The program xfglenses (Linux Version) needs the XForms, the Mesa Libraries (OpenGL) and the Image Library.
An old SGI version is also available: gllenses
Now, the source code is available xfglenses.zip

Paper
American Journal of Physics (February 2001 -- Volume 69, Issue 2, pp. 218-222)
ArXiv version of this paper.

JLenses
The Java version of XFGLenses, JLenses is now available. This new version was written by Hugo Solís Sánchez at the University of Costa Rica. A paper about it will appear soon. The source code is also available on request.

Keeton's Interface
An interface for Keeton's programs gravlens and lensmodel is almost ready. You also need XForms to run it.

XFGLenses: The Control Panel
The Control Panel interface has the following items:
Model Menu (22 models, see below)
Source Menu (Filled Circle, Coloured Rings and Image File)
Source Positioner
Three counters, two for source positioning (X, Y) and one for adjusting the pixel resolution (N)
Buttons (Model Parameters, Image Window, Image File, OBIP, Track, Source, Images, Smooth, Grid, Ray Plot, CC / Caustic (not yet), Roots, Fitting (final phase), R_E, Contour, Help, Save, Inversion, Light Curve (not yet), Time Delay, Exit)
Sliders (if a model is chosen, then the corresponding sliders appears)
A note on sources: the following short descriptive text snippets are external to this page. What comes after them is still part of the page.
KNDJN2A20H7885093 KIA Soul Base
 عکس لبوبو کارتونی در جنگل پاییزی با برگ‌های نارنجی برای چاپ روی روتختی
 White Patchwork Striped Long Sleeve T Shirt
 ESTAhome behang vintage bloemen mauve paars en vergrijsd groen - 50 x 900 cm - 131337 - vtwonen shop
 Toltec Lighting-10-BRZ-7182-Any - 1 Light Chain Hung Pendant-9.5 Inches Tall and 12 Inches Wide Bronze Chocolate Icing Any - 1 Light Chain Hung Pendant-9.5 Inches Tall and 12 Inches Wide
The user can click the Image Window button to see the visualization.

Model Menu
When this menu is clicked with the mouse, one gets a list of models. If one chooses one model, then the required sliders appear on the control panel. The model menu has the following models:
Chang Refsdal,
Double Plane Lens,
Transparent Sphere,
Singular Isothermal Sphere (SIS),
Nonsingular Isothermal Sphere (NIS),
Elliptical Model (SEF Book),
King Model,
Truncated King Model,
Hubble Model,
De Vaucouleur Model,
Spiral Model,
Multipole Lens,
Rotation Lens (Ibañez),
Uniform Ring (SEF Book),
Second Order Schwarzschild,
Elliptic SIS,
Elliptic NIS,
Elliptic King,
Elliptic Hubble,
Elliptic Plummer (not yet),
Kassiola-Kovner and,
Barkana

Source Menu
There are three sources:

Filled Circle
Coloured Rings
Image File

You can load any image using the File button.

Source Positioners
For positioning the source there are two possibilities:

Source Positioner and
Two counters (X, Y) for fine positioning

Input Fields
With the input fields one can position the observed images of a real gravitational lens. The images are then represented through circles. One can also try to fit it by means of parameter variations of a chosen model.

Buttons
Seventeen buttons are available:

Image Window : When clicking this button the Image Window appears.
Model Parameters : To disappear the sliders
Source : To visualize the source
Images : To visualize the images
Smooth : To smooth the lens images
Ray Plot : To show the Ray Plot
R_E : To dipect the Eintein Ring
Image File : To load an image File
OBIP : To show the observed image positions of the browser by means of circles
Save : To save the model images using gimp
Grid : To visualize the grid
Help
Exit

Image Window
On this window all events are interactively shown

OBIP
By cliking this button, the user get a window to enter the image positions and the number of images of the Lens System.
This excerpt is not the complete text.